TASK PROMPT: Within the entries below, find the portion that opens with the line containing "پیش‌نمایش فایل bacteria-14085741" and closes with the line containing "N0906037_For Years a". Retype that portion exactly and only.

RECORDS SHOWN:
---+---

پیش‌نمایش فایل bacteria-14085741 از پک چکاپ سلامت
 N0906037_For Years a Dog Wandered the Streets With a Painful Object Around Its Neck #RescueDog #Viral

---+---

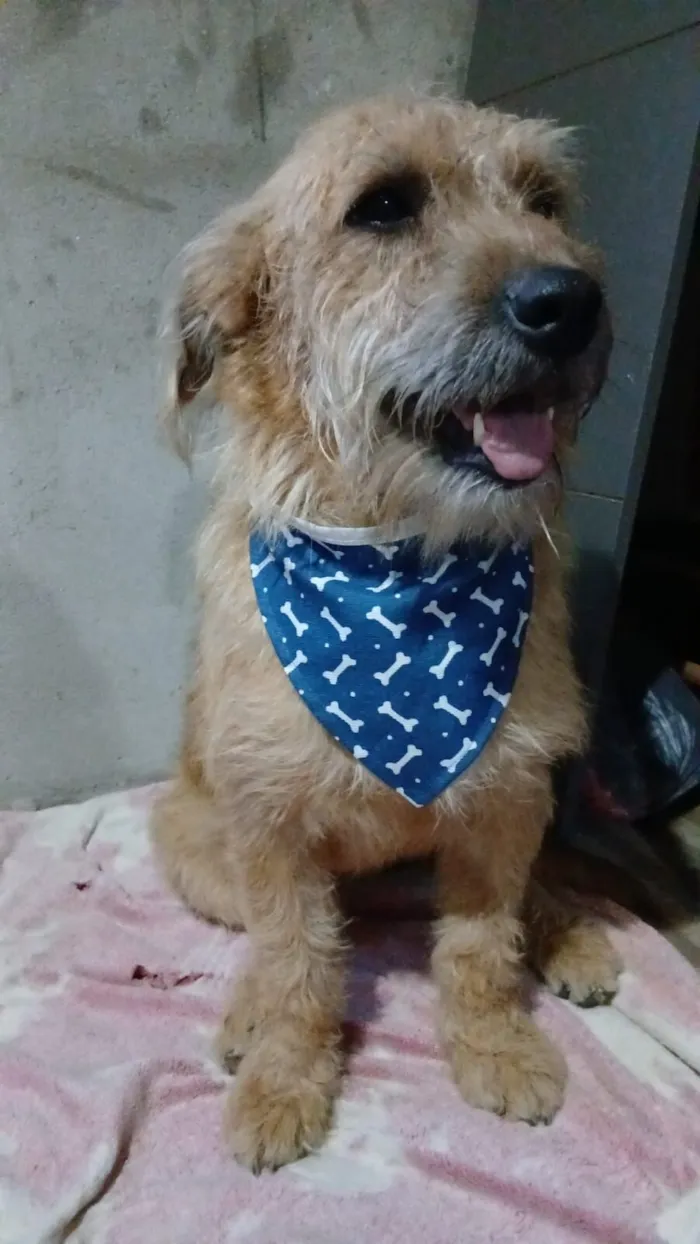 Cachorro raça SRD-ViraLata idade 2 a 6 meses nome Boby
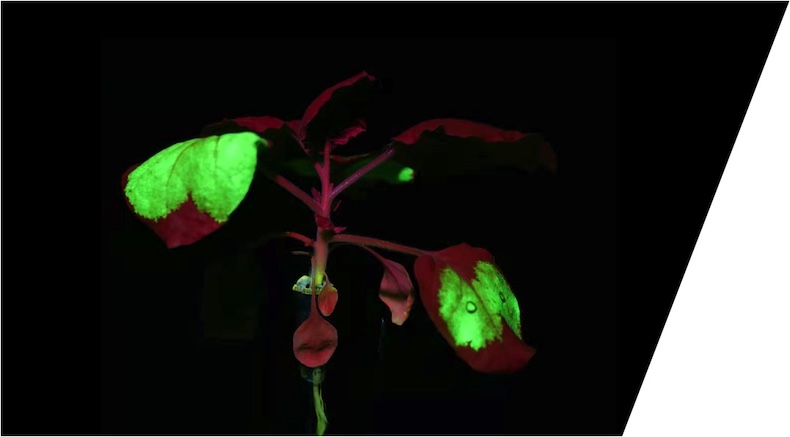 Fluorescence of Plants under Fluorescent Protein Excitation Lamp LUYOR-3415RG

---+---

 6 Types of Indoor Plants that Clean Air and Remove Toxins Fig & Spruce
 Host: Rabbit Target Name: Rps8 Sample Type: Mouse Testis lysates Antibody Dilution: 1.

---+---

YOUR SOLUTION:
پیش‌نمایش فایل bacteria-14085741 از پک چکاپ سلامت
 N0906037_For Years a Dog Wandered the Streets With a Painful Object Around Its Neck #RescueDog #Viral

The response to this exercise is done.